Yet such is the speed with which things can happen in football these days that that is, factually speaking, precisely what has and is about to happen. However, before Shane Warne and company dispatch a lynching party in the direction of the Twin Towers to deal with such traitorous behaviour, one should quickly point out that the Crystal Palace defender, who is set to play in today's First Division play-off final against Sheffield United, has not gone so far as to switch his allegiance to the Old Country, even if it was his birthplace.
Last month Muscat won his 10th cap for Australia and his first under Venables when the new coach to the Socceroos brought him on in the second half of an international in Budapest. Muscat responded by giving his side the lead before setting up the third goal in a 3-1 win over Hungary - another example of how rapidly the face of the game is changing these days.
The Melbourne-bred Muscat captained Australia in the Atlanta Olympics last summer and is proud of his nationality: "I'm very Australian," he insists. But his chosen profession has necessitated that he return to England 22 years after he and his family left Crawley for Down Under when he was just one year old.
Ironically, he might easily have been playing for the opposition today, having been initially invited over for a trial by Dave Bassett when he was manager of Sheffield United. It was at the time of the Bramall Lane club's protracted takeover and the money was not there to buy him.
"I'd agreed a deal with him and everything," Bassett said. "He was a player I liked, but Howard Kendall decided he didn't want to take him on. Then I got him down to Ron Atkinson at Coventry and they didn't want him either. But I signed him straight away when I took over at Palace."
So highly did Bassett rate the player that he selected him for the opening game of the season at Birmingham, even though he had only been back in the country seven days. Muscat remembers his debut only too well: his mistake led to the only goal of a game which Palace had dominated. "I went home that night thinking: 'I've arrived'," Muscat said.
However, he had impressed Bassett with his character. "Considering that he dropped that ricket just 20 minutes into his debut, it could easily have done him in mentally. But it didn't, and he's gone from strength to strength," Bassett said. "He's a tough cookie, very athletic and a good footballer. I was surprised other clubs didn't take him."
Venables' predecessor at the Australian FA, Eddie Thomson, once said of Muscat that "if it meant winning he'll even kick his grandmother". Muscat said he is eager to have words with Thompson to see if he really did make that comment. Apparently, what he said was grandfather, not grandmother.
Seriously, though, he has missed only one match through suspension and, since he is the sort who does not easily pick up injuries either, it has meant that he has been readily available to first Bassett and then his successor, Steve Coppell, this season. Only Andy Roberts has played more games, which is good news for the South Melbourne club. Bassett paid them pounds 75,000 down, rising to pounds 200,000 after 100 appearances. Muscat is already well on the way to that figure with 49 league and cup games this season.

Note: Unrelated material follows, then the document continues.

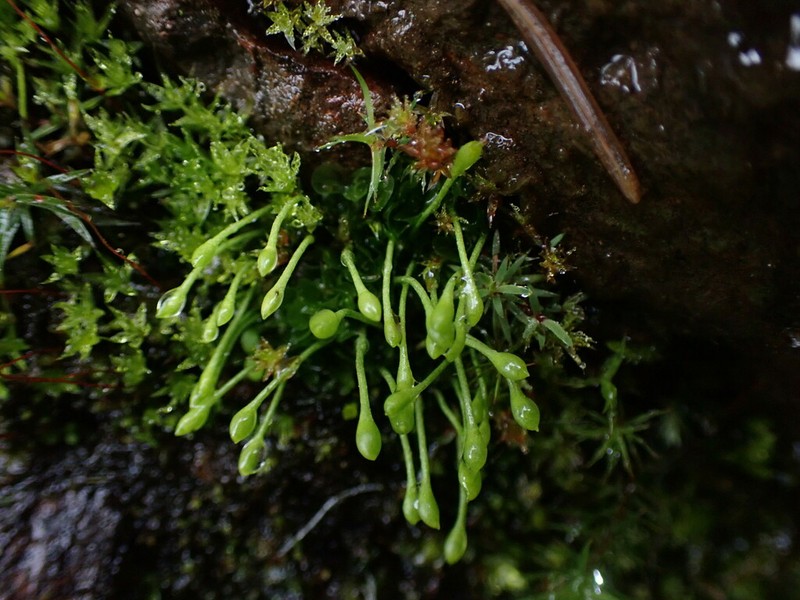 Griffith's Oedipodium Moss photo 3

That is significantly more than Muscat's fellow Australian international, Carl Veart, who, following his own move from Sheffield United, has struggled to settle as well as Muscat. Paradoxically, Veart and his wife have gone out of their way to ensure that their friend has, and he says he is indebted to them for that. Immediately after today's game Muscat flies home to Australia to marry a woman from Melbourne before returning to England to set up home.
The exodus of Australia's best players has tended to stunt the growth of the game back home, but Muscat believes that the appointment of Venables has considerably raised its profile.

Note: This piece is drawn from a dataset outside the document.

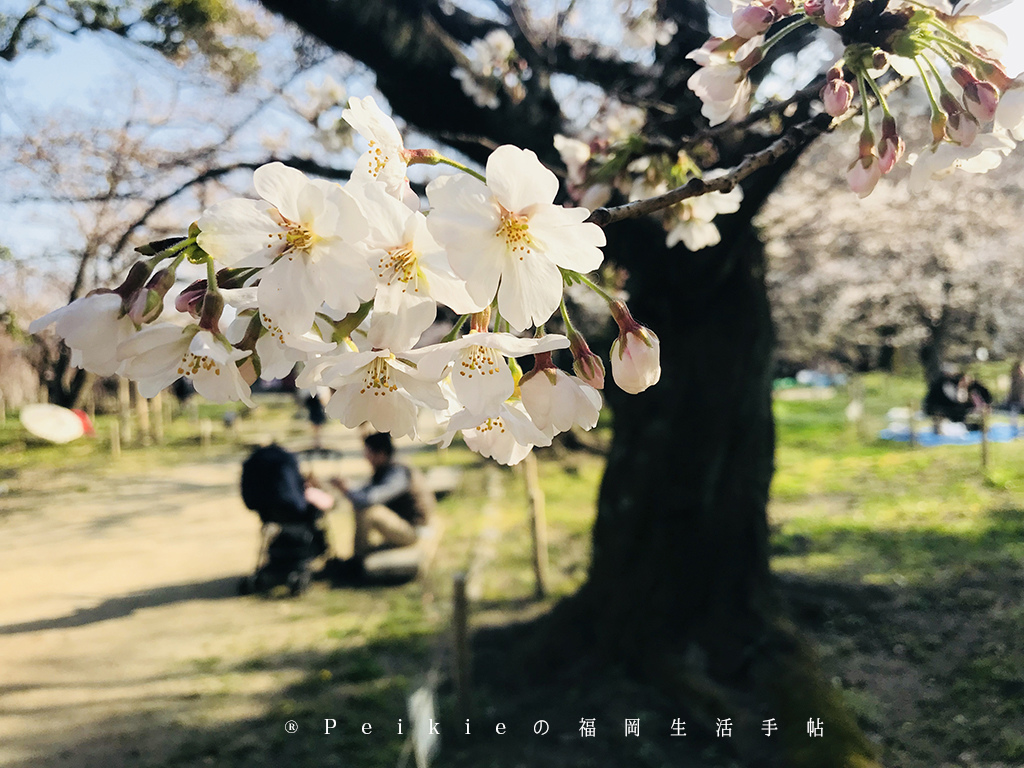 210803福岡追櫻花。舞鶴公園西公園還有不知名的小公園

"From what I've seen of him in that one game against Hungary, his knowledge of football is different class," Muscat said. "And the way in which he passes it on to players is incredible."
Muscat is hoping to glean more from England's former coach during the summer, when Australia's World Cup qualifying programme picks up pace. If, as expected, they are successful in the Oceania group they will then have to play off against the best of the Asian losers, who happen to have Muscat's utmost respect.
It has not escaped his attention, however, that Australia could be playing in the finals in France next summer while the old country twiddle their thumbs at home. What a rich irony that would be, but a thought no more preposterous than that one of a year ago which became a reality for Muscat.